Angelina Jolie open up with Newsweek magazine December 2011 issue! By Janine di Giovanni and Photograph by Sofia Sanchez & Mauro Mongiello.

Jolie‘s approach to her humanitarian work: “When I go somewhere, I am always willing to learn about it. I get briefings, I read books, I talk to people,” she said. “But mainly I try to go somewhere to bring awareness, to come home and pick up the phone and call someone and try to get something done.”

She brings the same approach to filmmaking: She told me that when it came to the technicalities of making a film, “I wasn’t afraid to ask the DP [director of photography]. And I listened to my cast, most of whom lived through the war. I listened to their stories and tried to incorporate it into the work.”

Lack of real-time awareness of the Bosnian War: How could a woman who was only 17 when the conflict in Bosnia erupted in April 1992 have so perfectly captured the horror of a war that focused largely on indiscriminate and brutal attacks on civilians? She is honest when she says, “At the time, I had no idea of the extent of the agony.” But her work as an ambassador to the United Nations High Commissioner for Refugees exposed her to the plight of the Bosnian civilians and how the aftermath lingers on. The women who were raped in the infamous eastern Bosnian “rape camps” are still suffering from the emotional and traumatic fallout; it was an especially sensitive point for her.

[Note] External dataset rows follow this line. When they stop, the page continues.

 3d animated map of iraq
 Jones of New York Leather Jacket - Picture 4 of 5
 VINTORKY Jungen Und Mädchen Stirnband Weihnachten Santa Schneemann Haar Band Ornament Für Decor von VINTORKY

No offense: “The people felt as though the world had forgotten them,” Jolie said. “It was a time of great pain, and I wanted to depict how courageous people were—without offending anyone.” The Bosnians desperately wanted help, from anywhere, anyone—but no one came. Even now, too few people know what happened there. Perhaps it takes the star power of someone like Jolie to remind them of this incredibly complex, bloody conflict. “It was made to remind everybody of the war—but only a small group of people will really understand,” she admitted.

The film is partially improvised: “It was half script, half improvisation,” Jolie said of some of the scenes, and she relied heavily on local staff. “The white shirt that the leading character wears throughout,” she mused at one point. “It stayed white through the rape-camp scenes—and it bothered me. We kept talking about that white shirt.” She also shows characters longing for food, for contact with the outside world, for books, cinema, poetry—all the things that existed before the war.

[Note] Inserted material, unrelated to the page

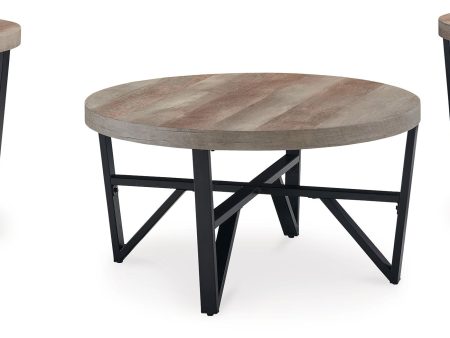 Deanlee - Grayish Brown   Black - Occasional Table Set (Set of 3) For Discount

Writing the script: These journeys gave Jolie the experience to write the script for In the Land of Blood and Honey, which took “about a month, then it went through a lot of revisions, Brad read it, people read it,” but the actual technicalities of directing must have been daunting.

Approaching filmmaking like a UNHCR mission: There is no red carpet in Libya or Sudan. She still packs her own flashlights, notebooks, and waterproof gear. She made Blood and Honey with $13 million and a lot of humility. She approached it the way she does her job for UNHCR, like a student. “When I go on a field mission, I get multiple briefings, including from the CFR [Council on Foreign Relations],” she said. “And I took a course on international law. So I did the same thing I did with missions. I studied.” For the film, she “read a lot of books about the war. I talked to a lot of people, I watched, I listened. I just wanted to tell the real story.” She repeated what she has said several times: “I wanted to be respectful of people.” If she did not know something, “I asked.”

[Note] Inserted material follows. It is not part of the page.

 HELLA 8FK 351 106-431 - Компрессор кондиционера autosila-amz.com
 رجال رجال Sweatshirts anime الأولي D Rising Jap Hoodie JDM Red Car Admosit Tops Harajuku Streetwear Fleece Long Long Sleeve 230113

About her kids: During dinner, she talked with love and passion of her family, how she is educating them in their own languages and cultures, how she loves to fly around the world but how hard it is to be separated from them when she is away. She talked of how someone “who never was a babysitter” knew how to take care of Maddox as a 27-year-old single mother. “I didn’t know whether to give one bottle or 30 bottles,” she says, laughing, of her son’s infant days. “I called my mother.”

Angelina on her mom: “Her goodness had a huge impact on me,” she said. “Sometimes I go into hotels now and bellboys ask me about her. My mother used to write them notes when their children were born or christened. She was just that sort of person—everyone loved her.”